I have two printers and I can not print a document (System.out.println()) at the same time, so I did a program with Semaphores to do this, and with that I can not print on A and B printers at the same time, and now I'm trying to instead of using Semaphores do it with Monitors.

Answer 1

The monitor is something that the jvm does for you when you use the good old synchronized code block / method. This would look like this:

Object mutex = new Object(); // it can be any object, even a class.
                             // However, it's preferred to have a separate class only for this.
for (int i = 0 ; i<printers.length; i++) {
    printers[i] = new Printer(mutex, pm); // object sharing the mutex object
    printers[i].start();
}

And within a printer:

public class Printer extends Thread {
    private final Object mutex;
    // ..

    public Printer (Object mutex, ...) {
        this.mutext = mutex;
    }

    @Override
    public void run() {
        synchronized(mutex) { //all Printers synchronize the same object
            System.out.println("A");
        }
    }

The code block above makes sure that only one printer can be in the synchronized(mutex) code block. In your code that was Semaphore mutex = new Semaphore(1); Ie two printers can not be there at the same time. This is easy, simple, and no shared memory is required.

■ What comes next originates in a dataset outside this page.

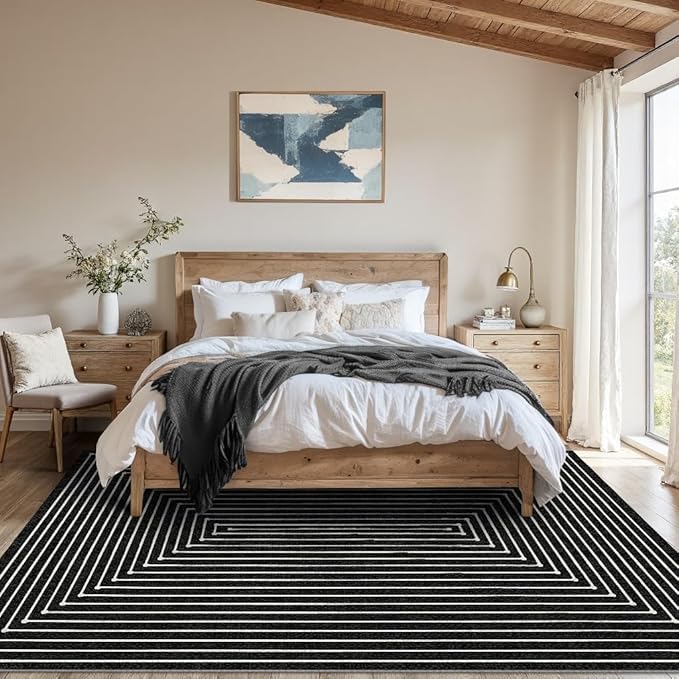 Latte&Fog 5x7 Area Rugs for Living Room Bedroom, Modern Abstract Washable Rug, Boho Non Slip Low Pile Carpet for Indoor Dining Room, Office, Dorm, Classroom, Farmhouse and Kids Room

On the other hand, the Semaphore multiplex = new Semaphore(2); must be a semaphore. You might use your own counter and re-implement Semaphore . That's likely to be buggy and slow because these problems are more complicated than they seem to be. I suggest to use Semaphore(2) when necessary.

Disclaimer : I don't fully understand the problem. Reverse-engineering the solution would lead to misunderstandings.